You are browsing a read-only backup copy of Wikitech. The live site can be found at wikitech.wikimedia.org
Puppet
- This page is about how to install, configure, and manage puppet. For documentation about writing puppet code, see Puppet usage.
puppet is the main configuration management tool to be used on the Wikimedia clusters (puppet for dummies on the blog).
puppet agent is the client daemon that runs on all servers, and manages machines with configuration information gathered from puppetmasterd.
puppet agent
Installation of the puppet service is handled via our automated installation. No production ready machines should have puppet manually installed.
If you're not using the wmf-reimage script (STRONGLY DISCOURAGED), initial root login can be done from any puppetmaster frontend with sudo /usr/local/sbin/install-console HOSTNAME. The script uses /root/.ssh/new_install ssh key and thus works also while debian-installer is running during PXE install.
Communication with the puppetmaster server is over encrypted SSL and with signed certificates.
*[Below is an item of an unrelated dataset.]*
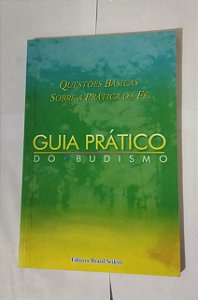 Guia Prático do Budismo - Questões Básicas Sobre a prática da Fé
To sign the certificate of the newly installed machine on the puppetmaster server, log in on the current ca_server (at the moment, puppetmaster1001.eqiad.wmnet) and run:
puppet cert sign clienthostname
To check the list of outstanding, unsigned certificates, use:
puppet cert list
Reinstalls
When a server gets reinstalled, the existing certs/keys on the puppetmaster will not match the freshly generated keys on the client, and puppet will not work. Our automated reimaging script should be used in every case.
The manual steps would be as follow:
- Before a server runs puppet for the first time (again), on the puppetmaster host, the following command should be run to erase all history of a server:
puppet node clean clienthostname
However, if this is done after puppet agent has already run and therefore has already generated new keys, this is not sufficient. To fix this situation on the !!! client !!!, use the following command to erase the newly generated keys/certificates:
find /var/lib/puppet -name "$(hostname -f)*" -exec rm -f {} \;
SANs for puppet certs
If you want to add SANs to your puppet certificate, you can do that with the following:
- Make sure that puppet is already successfully running on the instance whose certificates need to have SANs added
- Set the base::puppet::dns_alt_names puppet variable to a comma-separated list of domains you'd like to be in the SAN. See here for docs.
- Run puppet a couple of times to make sure that /etc/puppet/puppet.conf has a line under [agent] setting dns_alt_names
- On the puppetmaster, revoke the current certificate for the host with puppet cert clean <fqdn-of-host>
- On the client, clean out all the certs with rm -rf /var/lib/puppet/ssl
- Run puppet agent -tv on the client to regenerate a certificate and submit it to the puppetmaster for signing. This CSR will have the SANs you specified in step 2 in it.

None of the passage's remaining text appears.